Przeczytaj także: „Będę oglądać Avatara 2 za 3 miesiące na iPhonie”: Deklaracja wojny Jamesa Camerona z transmisją strumieniową nie ma chętnych, ponieważ fani czują się zbyt komfortowo z transmisją strumieniową w domu
Avatar: The Way of Water
Avatar Jamesa Camerona: The Way of Water, aby zdetronizować Avengers: Infinity War
Chociaż wielu fanów odmówiło uznania wizji plemienia Naʼvi Jamesa Camerona, kolosalny sukces kontynuacji wprawił ich w osłupienie.

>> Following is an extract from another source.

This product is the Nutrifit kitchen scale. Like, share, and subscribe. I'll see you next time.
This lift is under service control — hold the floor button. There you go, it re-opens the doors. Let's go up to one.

Obecnie Avatar: The Way of Water ma wartość 2,02 miliarda dolarów i oczekuje się, że wkrótce przekroczy globalną kolekcję Avengers: Infinity Wars, która wynosi 2,04 miliarda dolarów.

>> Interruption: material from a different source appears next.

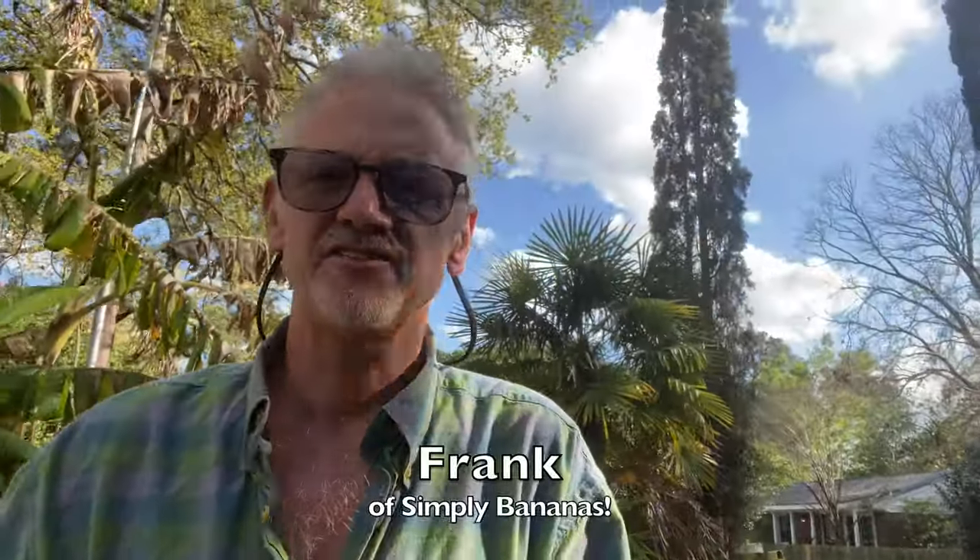Hello banana growers, welcome back. This is Frank of Simply Bananas. We hope you're having a good year so far. This is the time of year where we usually do our 2020 banana forecast for the season — and I'll give you a little hint: look over my shoulder. It's going to be pretty good, but we'll get to that forecast in just a little bit.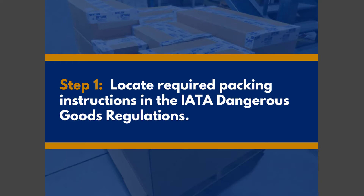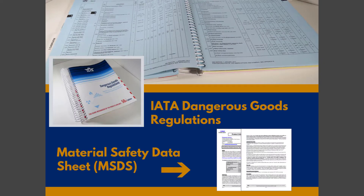Before we start preparing the shipment, we need to locate the required packing instructions under the UN number in the IATA Dangerous Goods Regulations book. These packing instructions are for all dangerous goods acceptable for air transport, with a wide range of options for inner, outer, and single packaging. All packages containing lithium batteries are classified as Class 9, a miscellaneous dangerous good.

Fani i krytycy dzielili się swoją miłością i wsparciem dla piękna oprawa wizualna filmu i prosta fabuła, która uzupełnia budowanie świata i pomaga nadać bohaterom większą głębię. Teraz fani kibicują, by film Camerona przewyższył najbardziej dominującą siłę w kasie.

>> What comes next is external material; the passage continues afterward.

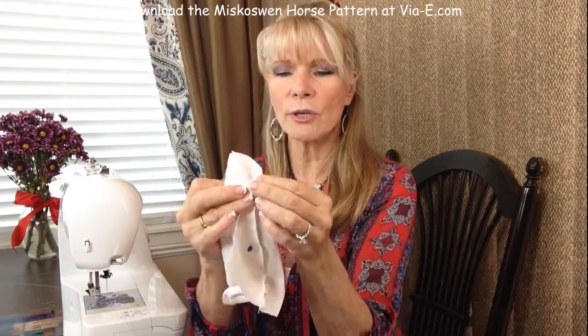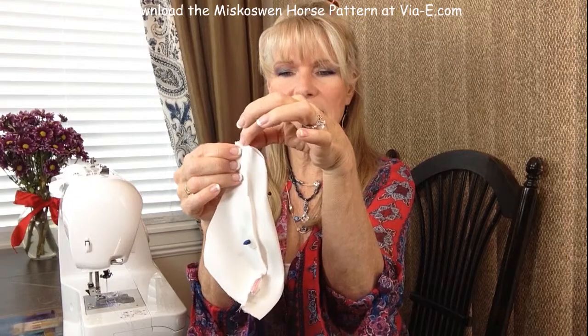Next, we have to sew the nose. We're going to fold it in half, pin it, and then make a seam right across the nose. I'm going to go ahead and do that, and then I'll come back and we'll work on adding the underside of the face.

Ponieważ długo oczekiwana kontynuacja jest zaledwie o kilka cali od zdetronizowania Avengers: Infinity War i zajęcia miejsca w pierwszej piątce najbardziej dochodowych filmów wszechczasów. Fani świętują sukces filmu i nie mogą się doczekać kolejnego rozdziału Pandory, którą wyobraził sobie James Gunn.
— Dandelion – I SEE YOU (@Dan_de_Leone) 22 stycznia 2023 r.
i wszyscy mówili, że to klapa…pic.twitter.com/jcMElHbeWC
— aria💋 (@soursctrl) 22 stycznia 2023 r.
Wyścig do 3 miliardów trwa 🔥 pic.twitter.com/A0SzRhkMJH
— Barun (@TheLordOfSea) 2 stycznia 2, 2023
— Smiso (@directorsmiso) 22 stycznia 2023 r.
Czuję zapach łez fanów
— kai♡(rt przypięty)🇧🇷 (@kairoyaltyy) 22 stycznia 2023 r.
Przeczytaj także: „Będę podpisz tutaj. Gotowe”: Zoe Saldaña nie ma nic przeciwko nakręceniu 60 sequeli Avatara po tym, jak stwierdziła, że ma dość żonglowania franczyzami wartymi miliardy dolarów
James Cameron
James Gunn jest bliski zostania jedynym reżyserem, którego 3 filmy znalazły się w pierwszej piątce najwyższych filmów i ponownie udowodnił, dlaczego jest uważany za jednego z najbardziej wpływowych reżyserów wszechczasów. Opóźniona o 13 lat kontynuacja ponownie udowodniła, że reżyser potrafi przełamać bariery językowe i zapewnić jedne z najlepszych wrażeń teatralnych, jakie można sobie wyobrazić.
Avatar: The Way of Water jest grany w kinach.